Foi um feito que realmente emociona, principalmente por conta da
trajetória da atleta, que foi qualificada enquanto “épica” pela BBC Brasil, e
que é um grande exemplo de superação, principalmente depois do resultado da
judoca em Londres, e dos ataques racistas que ela sofreu por conta disso. A
história de Rafaela realmente é uma história de superação, nos mais diversos
sentidos.
Entretanto, ao invés da pura e simples comemoração, o que se seguiu
nas redes sociais foi uma guerra ideológica de apropriação da trajetória da
atleta.
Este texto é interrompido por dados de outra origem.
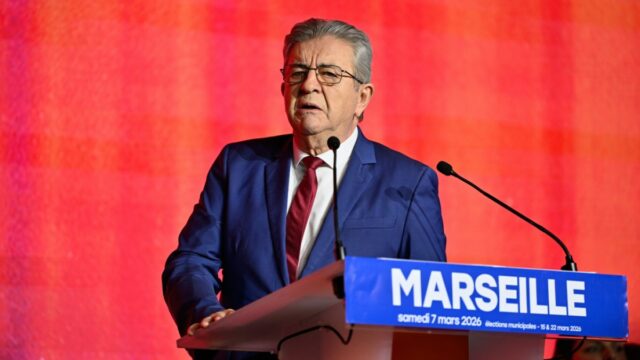 Francúzsky ľavicový predstaviteľ Melenchon tvrdí, že bude kandidovať na prezidenta v roku 2027 | Politické správy
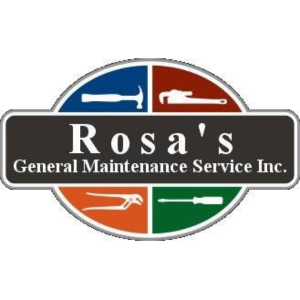 Rosa's Handyman & Maintenance Service
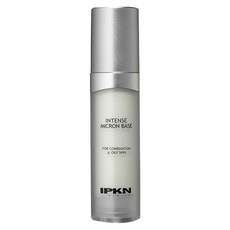 IPKN Intense Micron清爽妝前乳, 01 Natural Green, 1瓶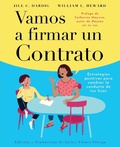 Cover: Vamos a Firmar Un Contrato - ABA Espana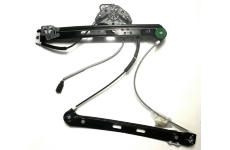 Zvedací zařízení oken ELTA AUTOMOTIVE ER1017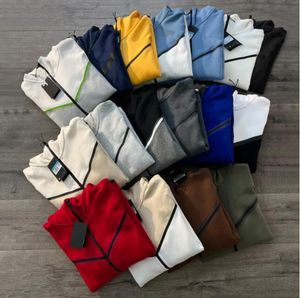Diseñador Mens Tech Fleece Track Sportswear TechFleece Calzones con capucha Space Space Space Cotton Man Pants Joggers Sweatshir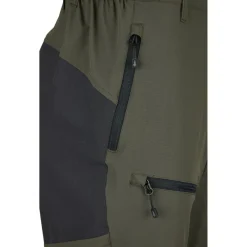 Heber Peak - EvergreenHe. Stretch Pants II - Trekkinghose^ Trekkingbekleidung|Wanderbekleidung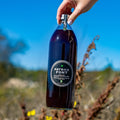 Jus de raisin syrah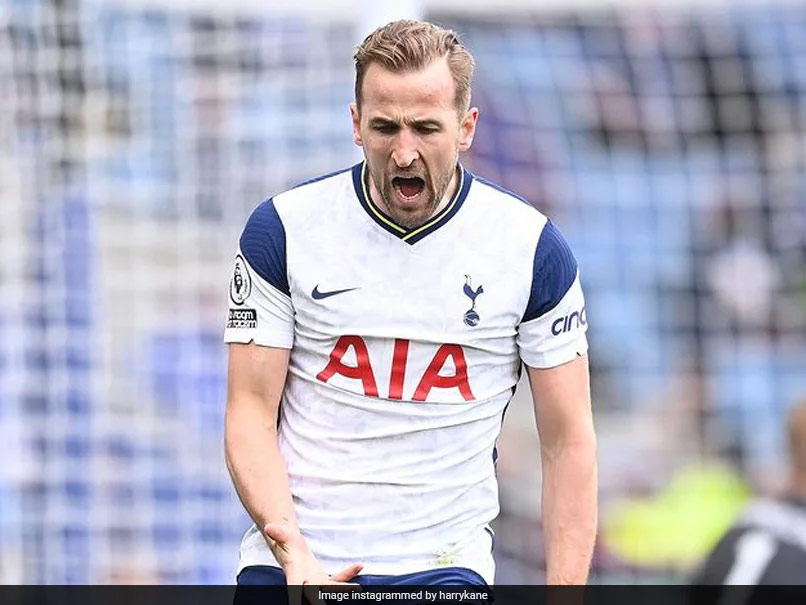 Tottenham Hotspur, Roma Provide Stardust In New Europa Conference League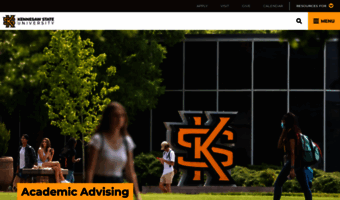 advising.kennesaw.edu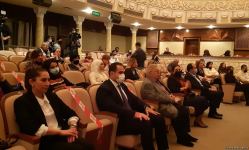 Ее большое сердце: в Баку отметили 100-летие Лейлы Бадирбейли (ФОТО/ВИДЕО)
De vencedora do racismo, a bolsista do governo, passando pelo apoio
inefável do exército, até mesmo a exemplo da mais fatídica meritocracia que
pode existir nesses nossos ermos tupiniquins.
Essa reação à vitória de Rafaela é um reflexo da radicalização pela
qual o Brasil bem passando. Direita, esquerda, centro, acima e abaixo tentam,
de alguma forma, utilizar-se da luta e da trajetória de alguém para reafirmar
conceitos e discussões políticas rasas que tem preenchido cotidianamente as
timelines alheias.
Independente do olhar que se lance sobre a trajetória de Rafaela,
importante seria pensar o porque tal trajetória ainda é digna de nota dentro de
um país rico como o nosso, e pensar em maneiras de proporcionar caminhos nos
quais ninguém mais precise ser exemplo, ser discurso a ser encampado por
correntes ideológicas mais preocupadas em satisfazer o próprio ego do que
realmente proporcionar transformações.
Em todo esse quiproquó online, que menos se notou foi o sorriso e a
satisfação da mulher humilde, negra, sargento, atleta, moradora da Cidade de
Deus, da qual desconhecemos talvez 99% da sua história de vida. A alegria foi
ofuscada pelo emparelhamento político e ideológico radicalizado que vem
fincando raízes cada vez mais profundas na realidade brasileira.